東京五輪女子マラソン代表、前田選手へ恩師からエール
2021.03.01
東京五輪女子マラソン代表の前田穂南選手(天満屋)が、1月31日、大阪国際女子マラソンで自己記録を更新した。
同じく五輪代表の一山麻緒選手(ワコール)に敗れたものの、最後まで粘り強さを見せた。
「あれが前田なんです」。大阪薫英女学院高(摂津市)で指導した陸上部の安田功監督はそう話す。
同校は、全国高校駅伝で2度の優勝を果たした強豪校。
初優勝を飾った2014年、前田選手は3年生だった。だが当時のメンバーに彼女の名前はない。
「10キロ以上の長距離を走らせると前田は強かった。

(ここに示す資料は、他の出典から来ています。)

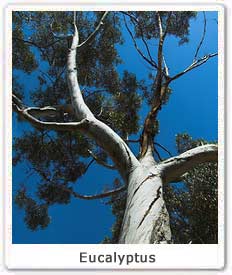 eucalyptus-tree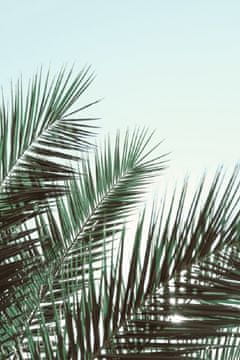 Pelcasa Palm Leaves, Sky_1 - 50x70 cm
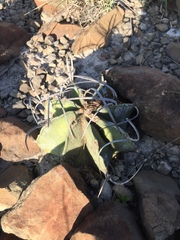 Astrophytum capricorne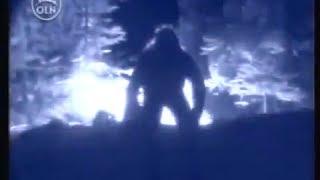 Mysterious Encounters: MOUNTAIN DEVIL (REAL BIGFOOT DOCUMENTARY)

ただ、持ち味である持久力を発揮するには高校駅伝の距離は短すぎた」。
スピードのある他のメンバーにわずかに及ばず、全国の舞台で走ることなく高校生活を終えた。
「悔しいことも多かったと思う。でもパッと気持ちを切り替えて次の目標に向かっていける強さがあった」と監督は振り返る。
全国優勝した大会から帰宅した夜も、「私はレースに出てないから疲れていない」と自主練習に行ったという。
3年間、全国高校駅伝への出走は叶わなかったが、当時から「マラソンでオリンピックに出る」と話していた。
その言葉通り、一昨年9月に行われた代表選考レース「マラソングランドチャンピオンシップ」(MGC)では、2位の鈴木亜由子選手(日本郵政グループ)に4分近い差をつけて優勝。
五輪への切符をつかんだ。
2020年の全国都道府県対抗駅伝の大阪チーム。 前田選手(監督左)はアンカーとして出場(安田監督提供)
地面をあまりキックしない走法は「体力のロスが少なく、過酷な夏のマラソンに向いている」と監督は言う。
また「レースの結果よりも、自分の走りを良くすることにこだわる姿勢」が精神的な安定感につながっている。
開催が危ぶまれる東京五輪。不透明な状況が続くが、監督に宛てた手紙には「金メダルを目指してがんばる」と書かれていたという。
安田監督は「過酷な条件になればなるほど彼女の強さが出ると思う。練習の成果をしっかり出して、本人の目標に近づけるようがんばってほしい」とエールを送った。